Before the 1980s, musicians of all levels of popularity, were able to make a living off of their artistry. Whether through joining the union and performing in sanctioned-clubs, getting signed by a record company and cutting an album—or albums—in the studio, which were then pressed and pushed for radio play, and through touring, from the dawn of recorded music through the 1980s, a musician could expect to have a reasonable career. This no longer appears to the be case, as the music and recording industry has undergone a series of seismic shifts, starting first with the weakening of musician’s unions and the introduction of Compact Discs or CDs (and less expensive cassettes) in the 1980s, the development of the internet in the 1990s, and the proliferation of songs in the MP3 format in the late 1990s and 2000s. Making money as a musician now seems, other than for the top 2% of artists, a fool’s errand. There are two things interesting about this trend: first, that it has occurred in a context where the sonic quality of recorded music has decreased from what it was on vinyl albums in the 1970s, and second, that it has not deterred young men and women from becoming musicians. This is a meditation on the music industry as it was, as it became, as it is, and as it could be.
Existentialism is a dreary intellectual pursuit. If, at its core, life is devoid of meaning beyond the fact that we persist as living organisms, then the proponents of such a belief system must be dull, unimaginative individuals with whom it is painful to join in a social capacity. While not boorish, existentialists ponder subject matter which would be unwelcome at most parties. And yet most existentialists in the mid-twentieth century were not boring individuals, and instead sought out drink and drugs as a way to prevent the “hardening” of life. Drinking and partying is often seen, especially in the western mind, as a wasteful as it is pleasurable. This mindset, no doubt rooted in the Puritan and Protestant mindsets of preservation of the earthly life as a means to gain just rewards in the afterlife, finds no traction in existentialism. “Partying can involve a similar act of destroying such expectations, as well as expending time, money, food, drink and brain cells. Some might call this a waste, but what are we saving ourselves for? A good life isn’t always a long one, and a long life isn’t necessarily a happy or fulfilled one. Rather, what’s important is to embrace life passionately. Existence is a process of spending ourselves, and sometimes requires leaving our former selves behind to create ourselves anew, thrusting forward into the future, disclosing our being into new realms.” Perhaps the most profound part of that, to me, is “existence is the process of spending ourselves,” which is an acknowledgment that we all face mortality and the ability to face it is, I think, largely based on the ability to honestly say that the act of spending has been enjoyable and satisfying. If that enjoyment and satisfaction be found in a bottle, then so be it. But, and this is important, the expense of life still involves the responsibilities to participate and create; which is perhaps why Sartre cured hangovers with amphetamines. Viewed in this lens, existentialism can be seen to cut through a series of societal norms and expectations about behaviors, and that alone makes it interesting, at least in this context.

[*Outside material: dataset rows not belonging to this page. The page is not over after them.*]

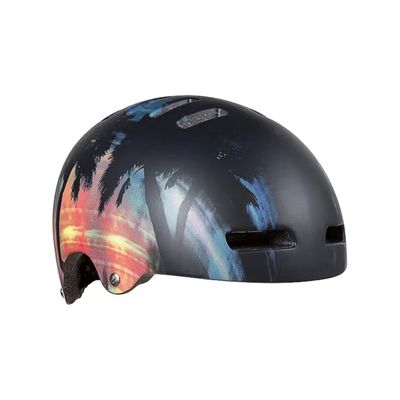 Lazer Kypärä Armor Lazer Kypärä Armor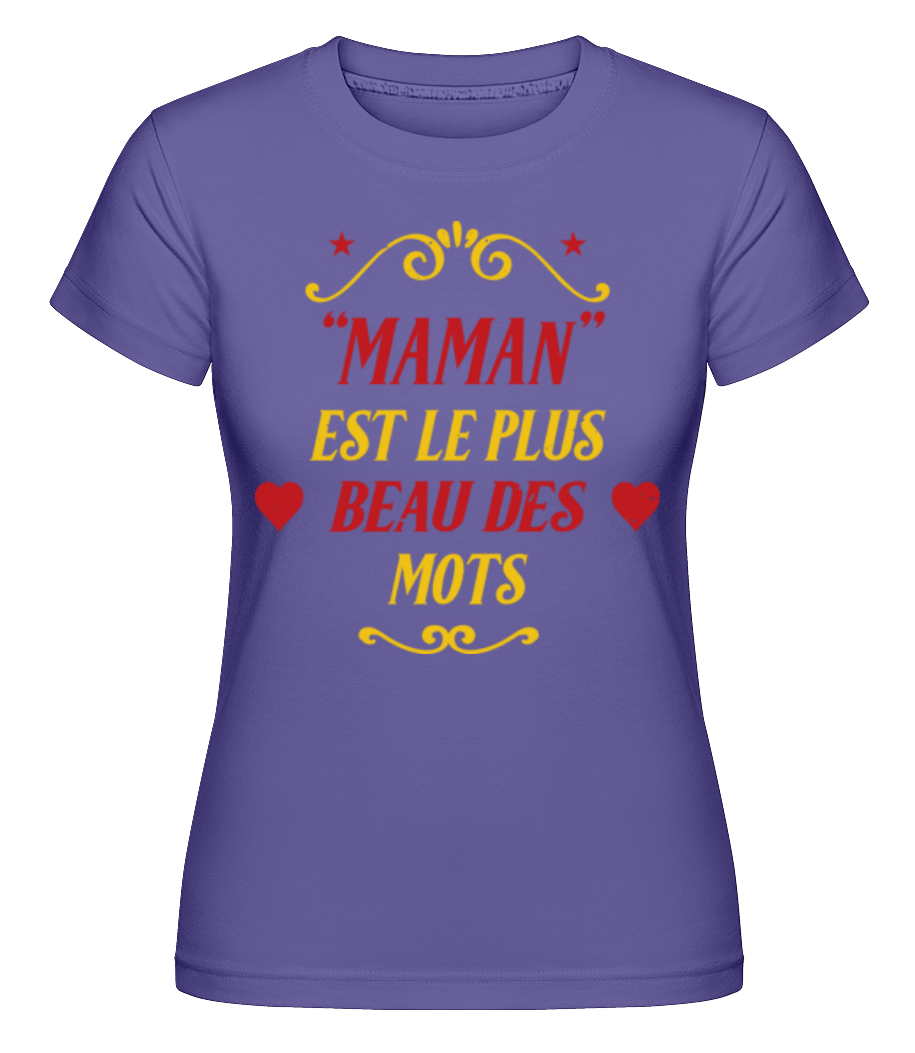 Pourpre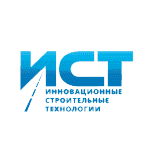 ООО Инновационные строительные технологии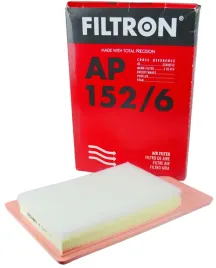 filtron-filtr-powietrza-ap152-6-ap-152-6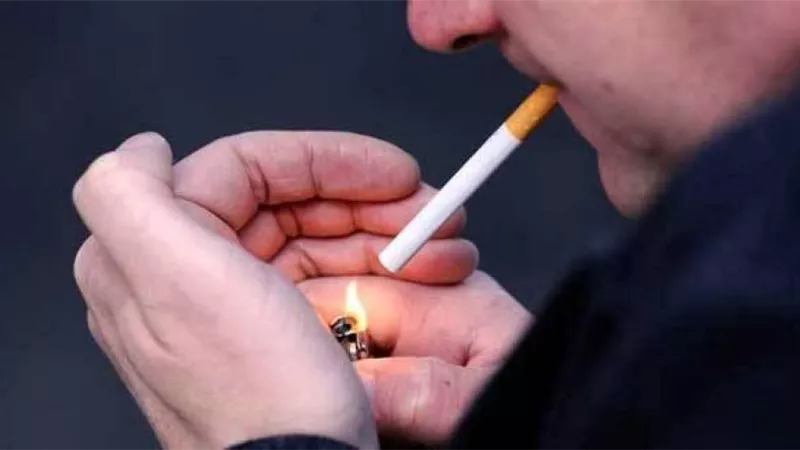 هل يضعف التدخين السمع؟.. إجابة صادمة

Finally, the Center for Politics Crystal Ball takes a look back on the 2016 election and asks the question queued up by the release of the Mueller Report: did Russia’s interference in the election actually affect the results? It is important to consider two things when looking at this question: first, whether the Russian interference had any effect does not take away from the profoundly negative nature of the interference; and second the Russian interference could have had a result upon the election, without actually swaying any individual races. Both of these considerations are implicit in this article by Alan Abramowitz analyzing the 2016 election.
 Welcome to the weekend.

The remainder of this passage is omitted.